- 2024 anti-Turkish riots in Syria: Part of the Syrian civil war and the Turkish occupation of northern Syria
| Date | 1 – 3 July 2024 (2 days) |
| Location | Aleppo Governorate; al-Hasakah Governorate; Idlib Governorate;damascus Governorate; Syria |
| Result | Turkish and pro-Turkey SNA victory Riots suppressed; |

Belligerents
- Protestors Anti-Turkey factions of the Syrian National Army: Turkey Syrian Interim Government

Casualties and losses
- 5 killed: None

= 2024 anti-Turkish riots in Syria =

Escalation of violence in northern Syria

In early July 2024, violent anti-Turkish riots occurred in northern Syria, within areas occupied by Turkey and Turkish-backed Syrian opposition forces. Local protesters and armed militants attacked and set fire to Turkish government buildings, military bases, and attacked Turkish civilians in the region. The clashes coincided with anti-Syrian riots in Turkey.

==Background==
Prior to the clashes, tensions between Syrian refugees and Turks had been intensifying in Turkey. The country, which hosts over 3 million Syrian refugees, has faced accusations of discrimination against this population. Furthermore, nearly 30,000 Syrian refugees were forcibly deported from Turkey in 2023 and subjected to inhumane treatment, according to the Syrians for Truth and Justice Institute.
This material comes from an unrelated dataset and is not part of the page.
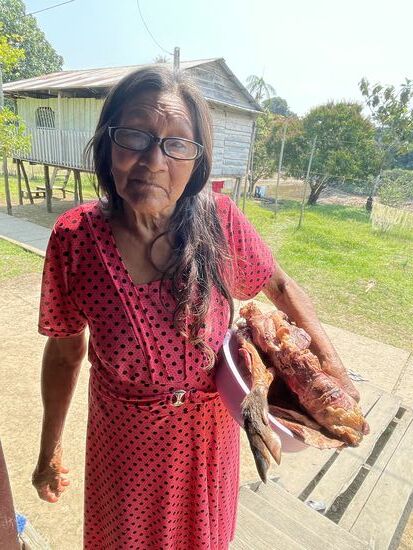 Abuelita Victoria holt sich ihren Anteil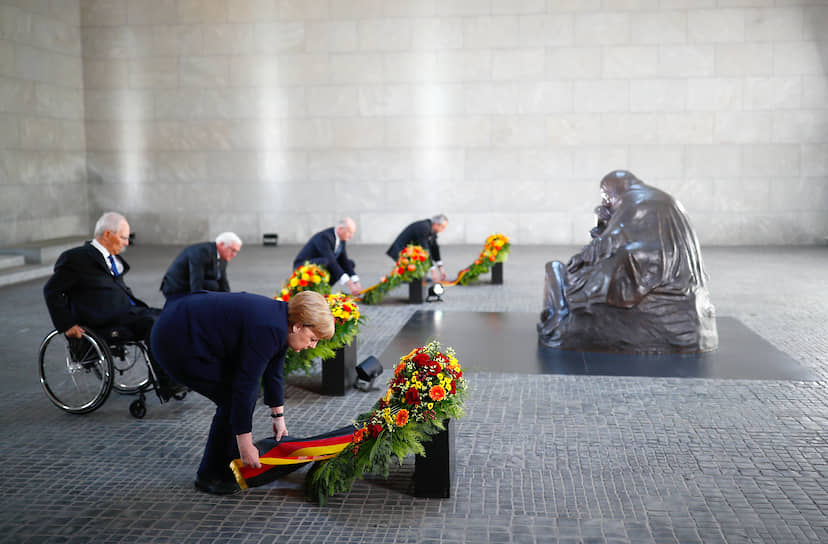 Берлин, Германия. Канцлер ФРГ Ангела Меркель на церемонии возложения венков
In a speech on 28 June 2024, Turkish President Erdoğan expressed his willingness to restore relations with the Syrian government under Bashar al-Assad, inciting anger among the Syrian opposition and refugees. On the same day, Turkey reopened the Abu al-Zandin crossing near al-Bab, facilitating commercial connections between Turkish-controlled areas and Syrian government-held territories in the eastern Aleppo countryside. Subsequently, on 30 June 2024, an anti-Syrian pogrom erupted in the Turkish city of Kayseri after a Syrian national was accused of sexually abusing a child. Dozens of Syrian-owned shops and offices were set ablaze, and 14 police officers were injured.

==Clashes==
On 1 July 2024, violent riots erupted in Turkish-occupied Northern Syria and the rebel-held Idlib Governorate, where several Turkish military bases are located. In the town of Al-Rai, protesters removed Turkish flags from government institutions and military bases, obstructing the passage of commercial convoys and trucks from Turkey. In the town of Azaz, employees of the Turkish postal service, PTT, were expelled from their offices. Subsequently, armed clashes erupted in Afrin, where gunmen attacked the Turkish military headquarters. At the Syria-Turkey border, militants opened fire on trucks coming from the Turkish border, resulting in the burning of 11 trucks in total. At least three protesters and five militants were killed during the clashes.

On 2 July 2024, Turkey shut down all its border crossings with Syria, including the Bab al-Hawa Border Crossing, which serves as a trade and transit route for over 3 million people. Additionally, reports emerged of internet and power outages in Syrian opposition-controlled areas.

On 3 July 2024, traffic resumed through the Bab al-Hawa Border Crossing after a two day hiatus. In the town of Ras al-Ayn, fighters from the Hamza Division and Ahrar al-Sharqiya, along with local residents, demonstrated against the ongoing attacks on Syrians in Turkey. The former reportedly pulled some of its fighters from the frontline town of Abu Rasin in protest.

==Reactions==
 Syrian Democratic Forces: Leader, Mazloum Abdi said that, despite differences, Syrians were united by national honor and independence. Abdi condemned the attacks on Syrians in Kayseri, and called for the protection of their lives and dignity. Abdi also welcomed all Syrians who rioted to SDF controlled areas in north and eastern Syria, extending a hand to save the country together.